Capital_Evening1082@reddit

Qwen3.5-27B-FP8 runs at 29t/s on 2x AMD R9700 for a single request. 524t/s at concurrency 32.
This is the league the B70 should play in. Less than 10t/s an concurrency 1 and 200t/s at concurrency 32 hints at a massive software issue.

[-]

fallingdowndizzyvr@reddit

That's how Intel rolls. It was the same with the A770. It should have been 3070/3080 performance based on paper, it was 3060 in reality.

[-]

munkiemagik@reddit

Well just maybe this is a chance to get hands on a relatively cheap product because they suck (sorry intel, you are trying and sincerely thank you for that)

But if/when they fix up, the price on these is surely going to skyrocket just like everything else due to demand because everyone and their granny will be trying to get one (or two or four)

[-]

mr_zerolith@reddit

Bought fourth tier hardware, got sixth tier performance

[-]

LocalLLaMa_reader@reddit

Are you intending to continue with llama.cpp or VLLM, not that you managed to set it up?

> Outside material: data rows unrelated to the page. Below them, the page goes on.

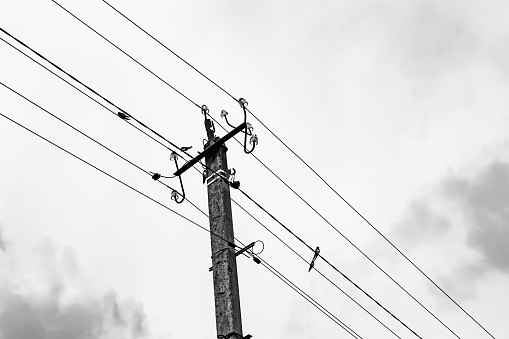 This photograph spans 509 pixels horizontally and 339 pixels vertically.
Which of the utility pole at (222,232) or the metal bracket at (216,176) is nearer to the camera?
the utility pole at (222,232)

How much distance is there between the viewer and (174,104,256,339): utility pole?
10.6 metres

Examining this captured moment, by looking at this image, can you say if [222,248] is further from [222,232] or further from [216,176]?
[216,176]

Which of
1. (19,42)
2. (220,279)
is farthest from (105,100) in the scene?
(220,279)

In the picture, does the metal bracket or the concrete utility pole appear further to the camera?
the metal bracket

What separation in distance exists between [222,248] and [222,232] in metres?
0.30

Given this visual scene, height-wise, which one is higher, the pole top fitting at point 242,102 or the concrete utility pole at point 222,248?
the pole top fitting at point 242,102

Why?

Thank you so much for sharing and taking the plunge. Let's hope Intel indeed improves their software...

[-]

fallingdowndizzyvr@reddit

Let's hope Intel indeed improves their software...

Don't hold your breath. I'm still waiting for my A770s to reach their paper potential.

[-]

This_Maintenance_834@reddit

i kind of intended to sell the card. i have already got RTX PRO 4500.

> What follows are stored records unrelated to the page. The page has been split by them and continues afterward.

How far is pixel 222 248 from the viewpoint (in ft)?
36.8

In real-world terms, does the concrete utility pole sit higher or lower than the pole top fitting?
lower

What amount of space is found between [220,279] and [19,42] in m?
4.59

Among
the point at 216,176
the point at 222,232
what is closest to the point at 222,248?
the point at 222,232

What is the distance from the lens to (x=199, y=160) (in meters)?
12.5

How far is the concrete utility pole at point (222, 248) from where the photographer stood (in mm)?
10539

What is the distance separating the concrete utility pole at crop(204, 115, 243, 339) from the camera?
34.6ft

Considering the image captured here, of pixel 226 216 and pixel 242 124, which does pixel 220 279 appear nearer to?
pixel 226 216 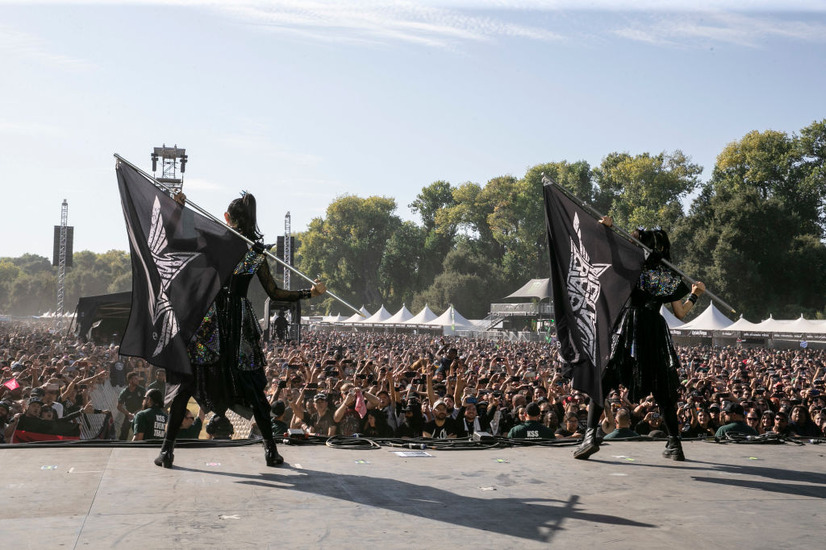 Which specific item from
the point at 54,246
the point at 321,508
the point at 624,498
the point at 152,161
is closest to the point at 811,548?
→ the point at 624,498

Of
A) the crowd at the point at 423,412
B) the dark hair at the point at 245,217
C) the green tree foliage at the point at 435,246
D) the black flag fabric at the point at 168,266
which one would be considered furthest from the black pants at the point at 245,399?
the green tree foliage at the point at 435,246

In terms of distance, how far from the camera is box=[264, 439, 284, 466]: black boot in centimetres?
487

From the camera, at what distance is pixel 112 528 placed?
3234 millimetres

this was a cheaper way to get 128GB VRAM, but the token rate is so horrible that I have no use of it even if I get to 128GB with four. This card with presnet driver support is only financially making sense in datacenter when concurrency is high.

[-]

D2OQZG8l5BI1S06@reddit

OpenVINO backend is faster.

[-]

Monkey_1505@reddit

That's the speed my mobile amd dgpu pushes out for tg when i'm using an moe that doesn't entirely fit in vram. NGL if I brought this card, I'd feel pretty bad about that.

[-]

an0maly33@reddit

Exactly what I was thinking. "I get that with my 8gb 3070 while it thrashes between vram and system ram."

[-]

Ok_Try_877@reddit

On the NVFP4 model of 27B I get 300 t/s+ aggregated output, running batches of 14 with 30K contexts and over 4000 t/s prompt processing with 2x 5060ti. They idle at 5w each and max out at 110 to 115w each without changing any voltage/power settings.

[-]

Winter_Tension5432@reddit

Hey, could you tell me what Runtime and config you're using?

[-]

Ok_Try_877@reddit

Hi,

I compiled VLLM from source with Cuda 13.1. I think there is a small patch/script you have to run as well to get native NVFP4 working with consumer Blackwell cards

CUDA_VISIBLE_DEVICES=0,1 vllm serve Kbenkhaled/Qwen3.5-27B-NVFP4 --tensor-parallel-size 2 --max-model-len 30000 --max-num-seqs 14 --skip-mm-profiling --gpu-memory-utilization 0.92 --kv-cache-dtype fp8

What's also a bit weird is this model has been taken off HuggingFace, or I can't find it..... I'm sure some of the others that have appeared since work just as well.

[-]

Tensor-parallel-size equals (more or less) the number of GPUs you have.